El Ayamonte pagó con la derrota un mal inicio de partido, en el que se vio superado por un Pozoblanco que le ganó la mano en intensidad, ganas y frescura. El gol de David Aguayo, a los seis minutos, fue el ejemplo más claro de que al Ayamonte le costó entrar en el partido. Claro que cuando lo hizo, especialmente en el segundo periodo, atesoró méritos para, cuando menos, lograr el empate.
El marcador no miente y dice que el Pozoblanco ganó al Ayamonte en un partido donde los dos equipos dominaron un tiempo.
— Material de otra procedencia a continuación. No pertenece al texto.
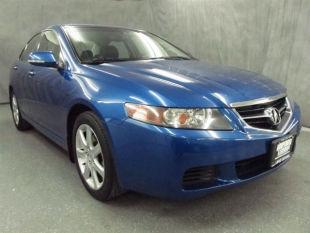 2005 Acura TSX for sale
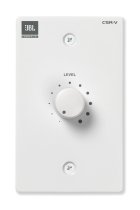 Wall Mounted Remote Control for CSM Mixers, White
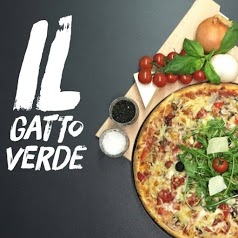 Il Gatto Verde pizzas à emporter mimizan
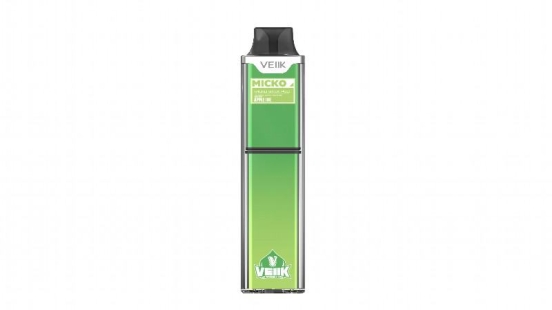 Top-notch Vaping Veiik Pods Disposable E-cigarette Puff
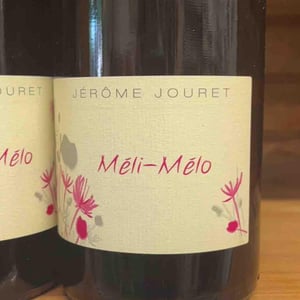 Méli-Mélo - Jérome Jouret - jerome-jouret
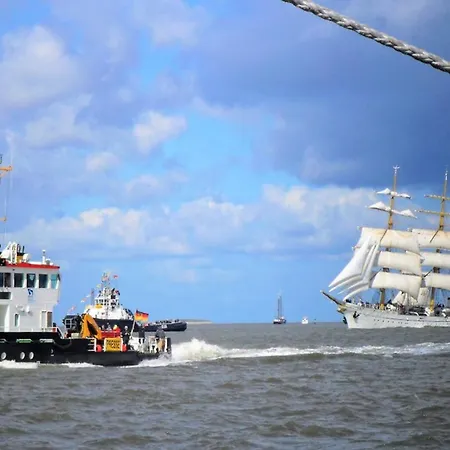 Amrum 19 ヴルスター・ノルトゼーキュステ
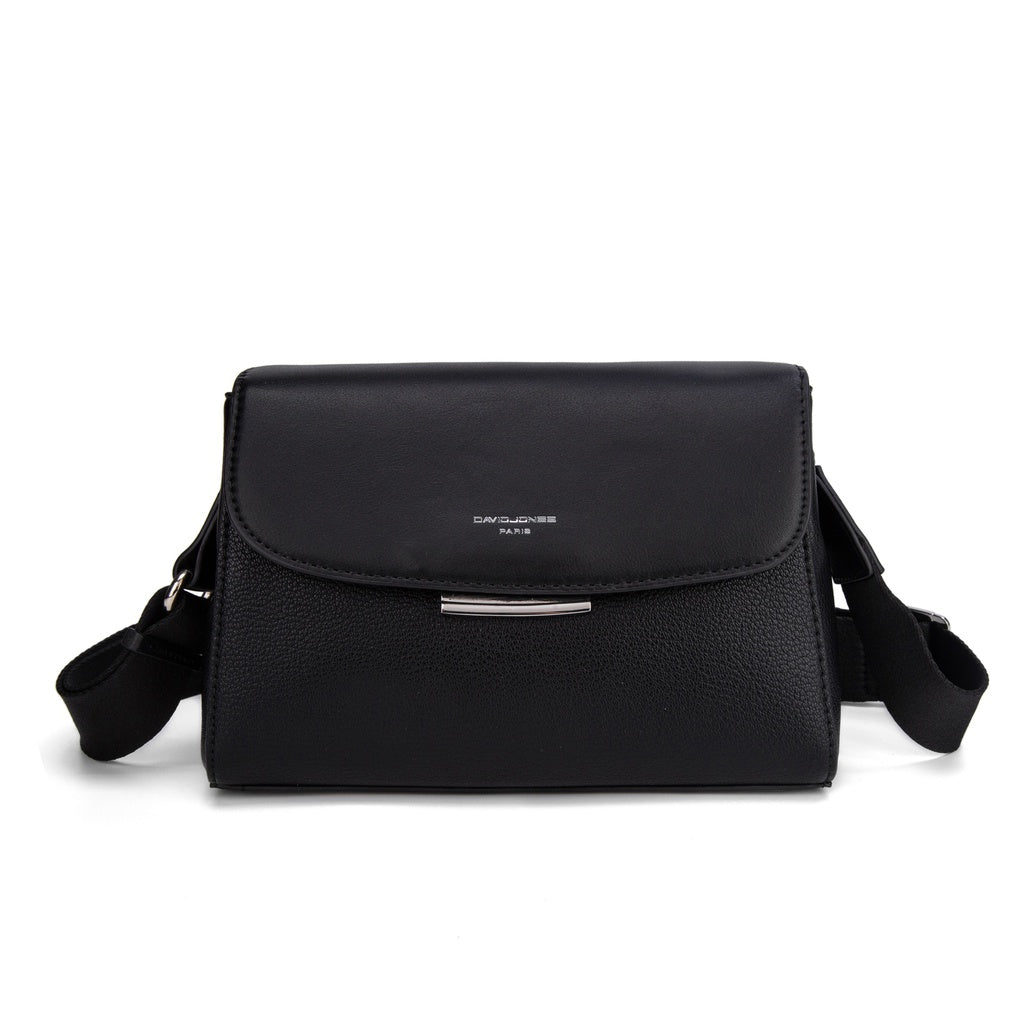 Women's Shoulder Bag - Elora Plus Model - 100% Polyurethane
En la primera mitad fue el Pozoblanco mejor. Salió al terreno de juego con mucha más intensidad buscando el área ayamontina con ganas. Así, en el minuto seis se adelantó en el marcador con un gol que, a la postre, valdrían los tres puntos. Un pase de Jorge García a la espalda de la defensa rojinegra acabó con un derechazo de David Aguayo en la frontal del área, ante el nada pudo hacer Nacho ya que la pelota entró por la misma escuadra.
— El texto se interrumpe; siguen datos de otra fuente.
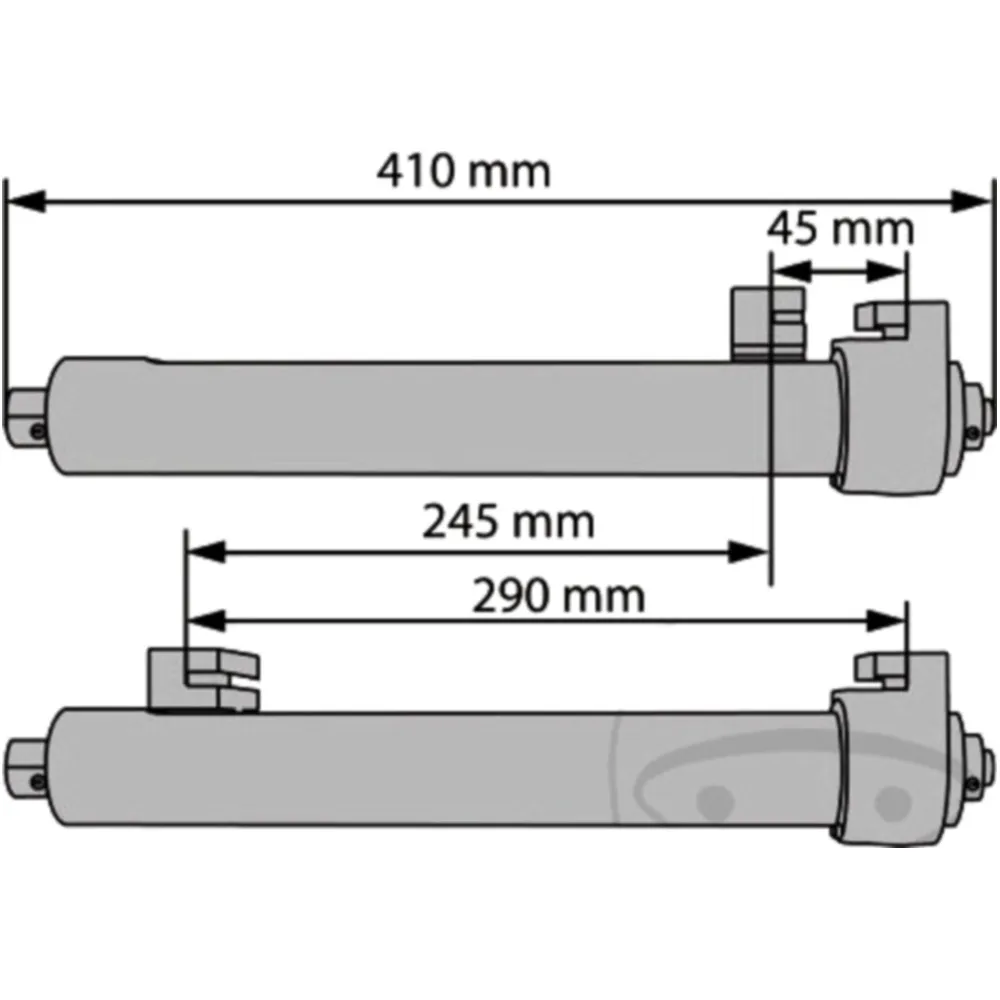 Federspannersatz 5-teilig für verschiedene Modelle_0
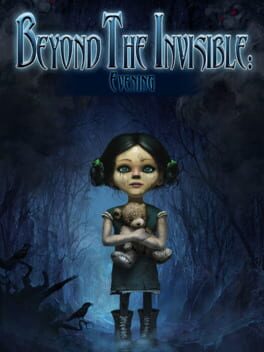 Cover Beyond the Invisible: Evening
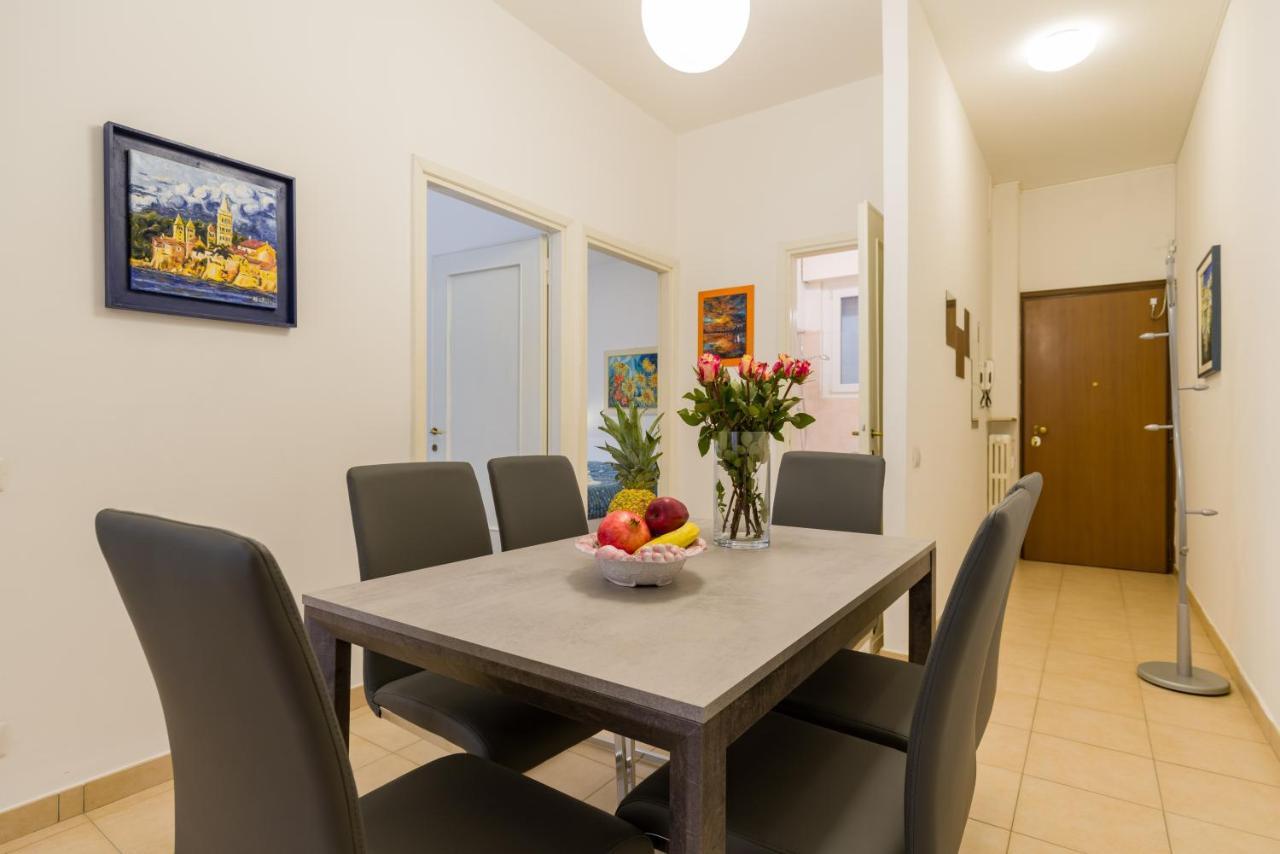 Casagiulietta Apartamento Verona Exterior foto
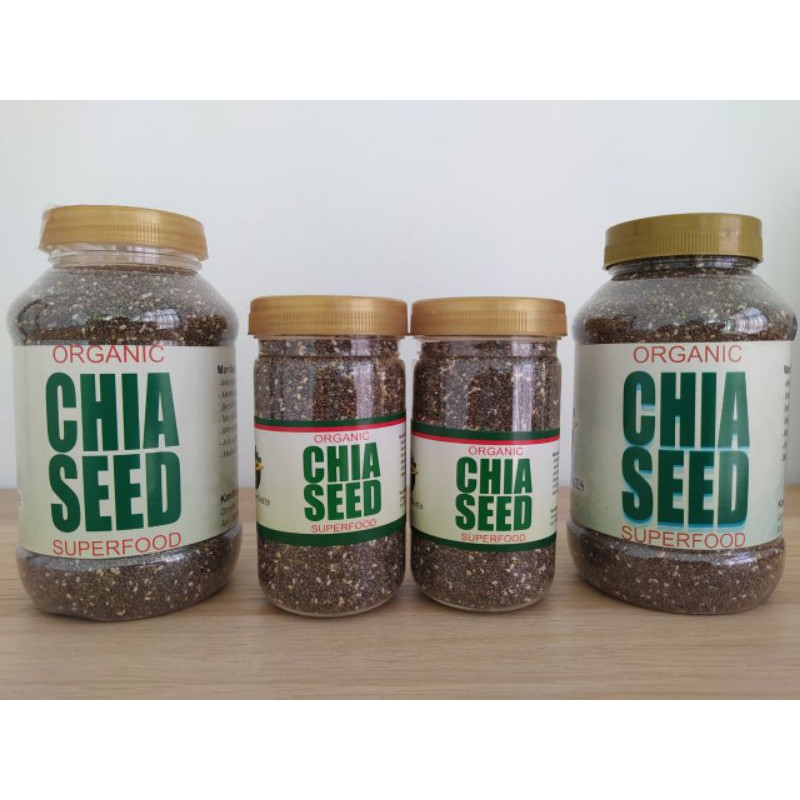 

Chiaseed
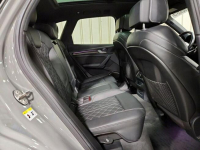 Audi SQ5 / najbogatsza wersja Prestige / Quattro / niski przebieg / Tarnów - zdjęcie 11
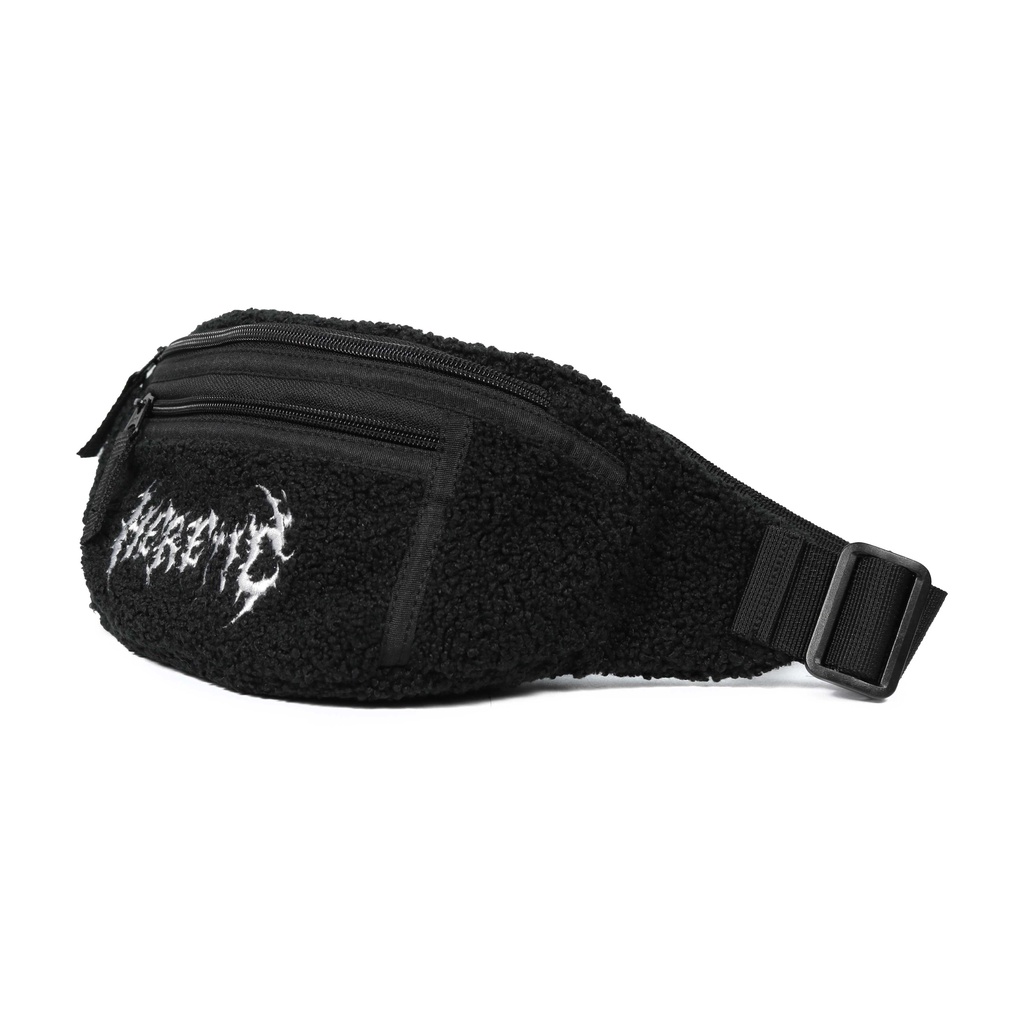 Heretic - Waist Bag Sherpa - Oblivion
Al Ayamonte le costaba salir con el balón jugado ya que el Pozoblanco le presionaba la salida. Luis Zambrano fue el primero en inquietar de los visitantes. Lo hizo por la banda derecha, aunque su pase se paseó por toda la defensa sin encontrar rematador.
A los 26 minutos le tocó el turno al Pozoblanco. Acaíñas, tras un corner, lanzó el balón al larguero; y un minuto después Juanfer, de cabeza, mandó el balón muy cera del palo.
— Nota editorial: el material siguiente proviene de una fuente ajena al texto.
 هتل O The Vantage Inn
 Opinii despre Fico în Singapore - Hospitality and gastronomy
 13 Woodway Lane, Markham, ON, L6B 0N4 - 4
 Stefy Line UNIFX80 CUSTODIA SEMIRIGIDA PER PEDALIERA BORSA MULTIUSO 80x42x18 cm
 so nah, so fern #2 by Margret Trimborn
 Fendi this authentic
Las ocasiones se sucedían. La siguiente sería para el Ayamonte en un tiro lejano de Fernando Vaz y un remate de Puntas, tras una falta que sacó magistralmente Manolo Barba. De todos modos, Quero tendría la más clara para los locales, cuando a la media hora se plantó ante Nacho al que no pudo batirlo. Su caída fue sancionada con tarjeta por simulación, que le hará perderse el partido de Marinaleda al igual que Jorge García que también vio la quinta.
En la segunda parte cambió el decorado pues el Ayamonte ocupó más campo y el Pozoblanco apenas tuvo el balón. José Manuel, a pase de David Aguayo hizo lucirse a Nacho, que sacó la manopla cuando se cantaba el gol en la grada.
Luego le tocó el turno al Ayamonte que tuvo dos muy claras ocasiones para marcar. Primero fue Luis Ligero quien se plantó solo ante Díaz, pero no controló bien la pelota y el remate fue muy forzado; luego, un minuto después, fue Fabián quien tampoco pudo batir a Díaz.
La oportunidad más clara para el Ayamonte llegaría a tres minutos para el final. Gregorio Molina, a la salida de una falta botada por Manolo Barba, se encontró un balón a un metro de la portería y su disparo se lo sacó Díaz cuando ya desde el banquillo se cantaba el gol.
El Pozoblanco pidió angustiosamente la hora al colegiado viendo las acometidas de un Ayamonte que tuvo el empate al final aunque el Pozoblanco también mereció mucho más en la primera mitad.